■ **Extracted information**
+ + + +

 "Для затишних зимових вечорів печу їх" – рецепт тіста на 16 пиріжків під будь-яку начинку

+ + + +

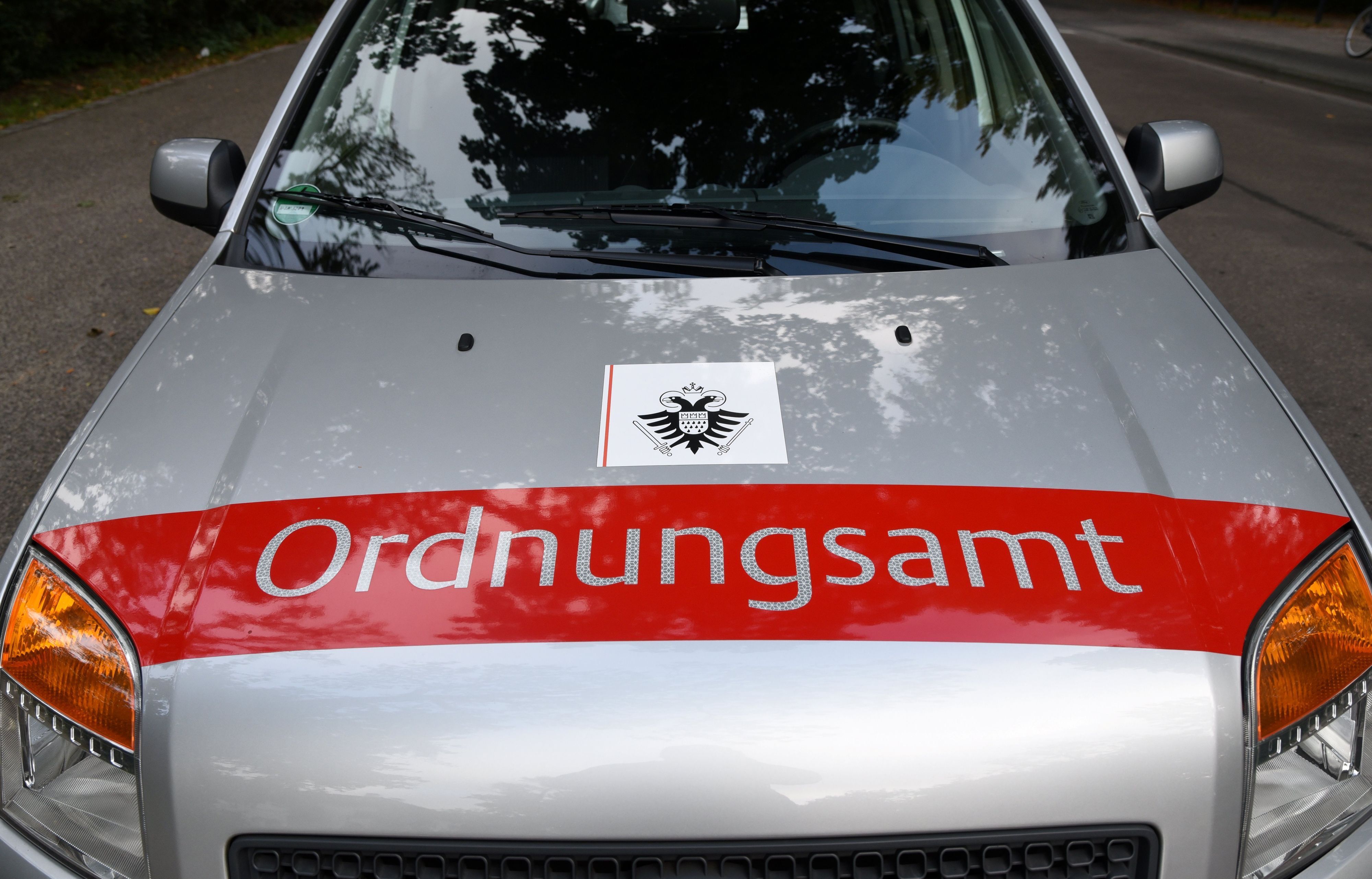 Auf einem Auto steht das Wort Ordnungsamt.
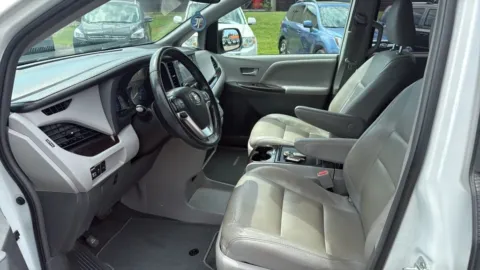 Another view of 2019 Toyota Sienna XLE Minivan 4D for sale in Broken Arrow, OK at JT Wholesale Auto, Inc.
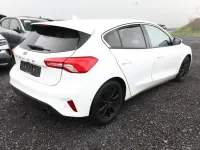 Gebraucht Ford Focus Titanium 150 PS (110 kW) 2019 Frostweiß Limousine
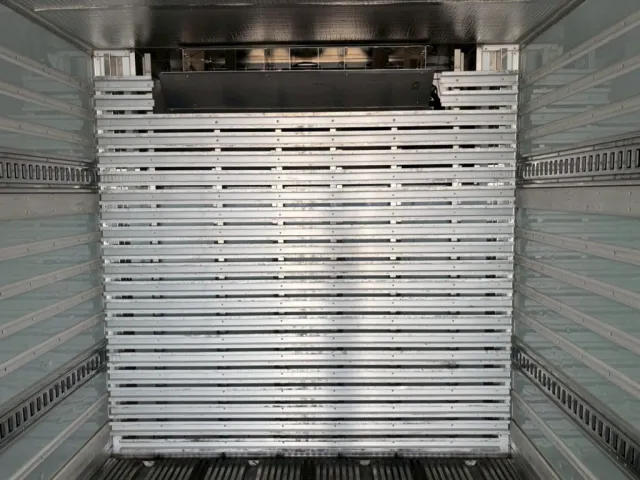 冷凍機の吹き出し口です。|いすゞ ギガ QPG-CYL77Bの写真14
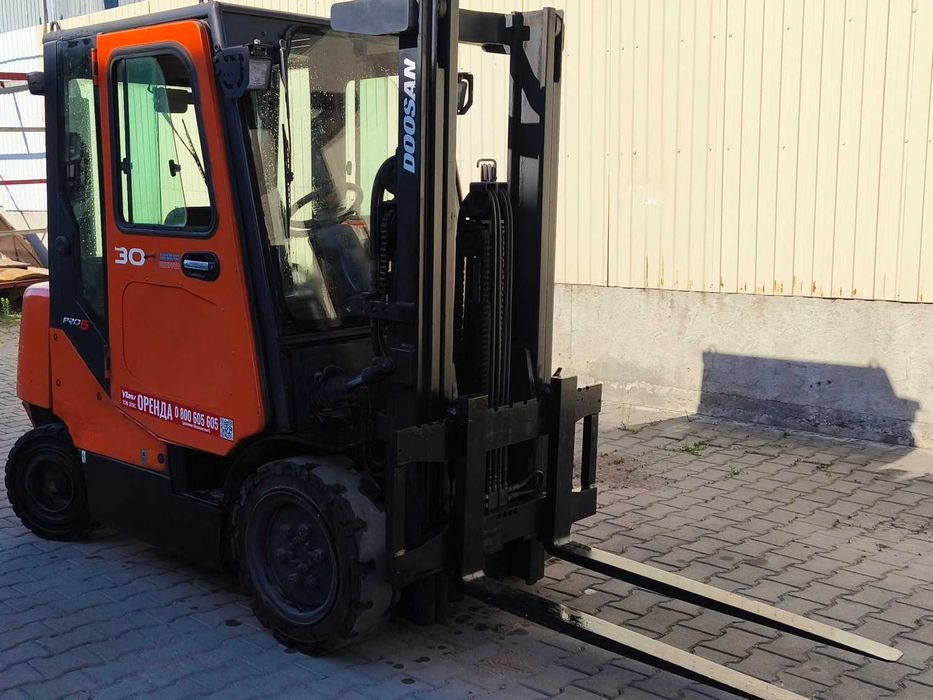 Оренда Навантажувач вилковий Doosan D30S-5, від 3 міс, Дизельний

+ + + +

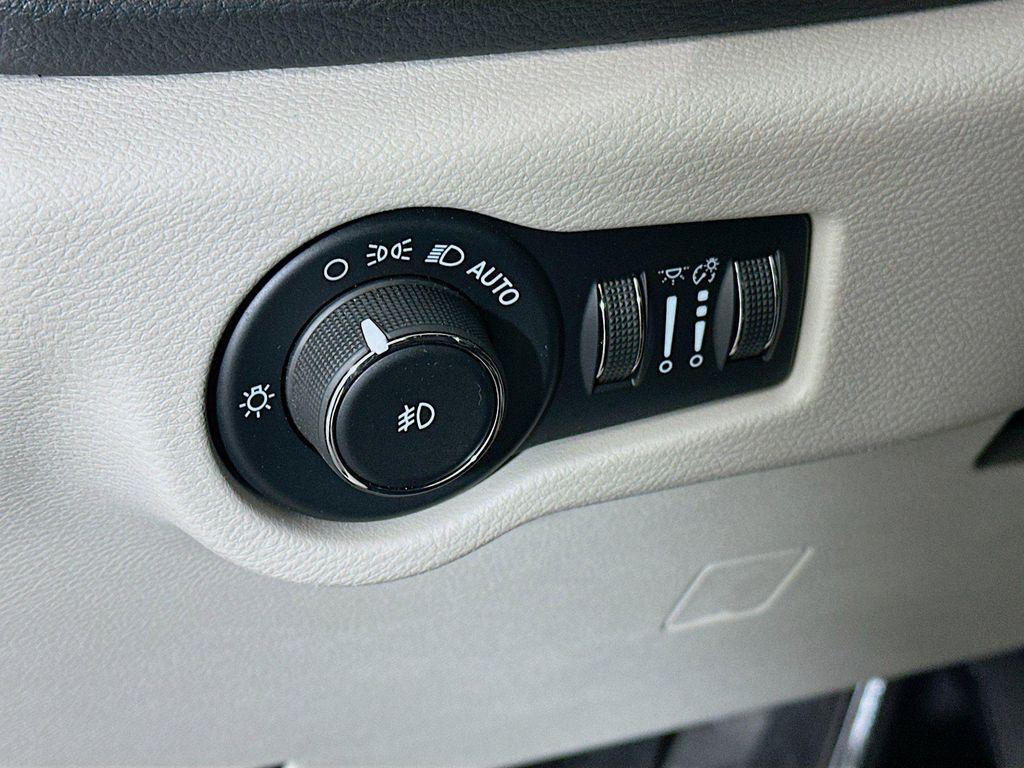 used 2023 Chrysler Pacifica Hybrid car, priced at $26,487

+ + + +

Precisely those lines above that run from the line with "Gebraucht Ford Focus" up to and including the line with "Оренда Навантажувач вилковий" are to be set down, with the pictures omitted.

 Gebraucht Ford Focus Titanium 150 PS (110 kW) 2019 Frostweiß Limousine
 冷凍機の吹き出し口です。|いすゞ ギガ QPG-CYL77Bの写真14
 Оренда Навантажувач вилковий Doosan D30S-5, від 3 міс, Дизельний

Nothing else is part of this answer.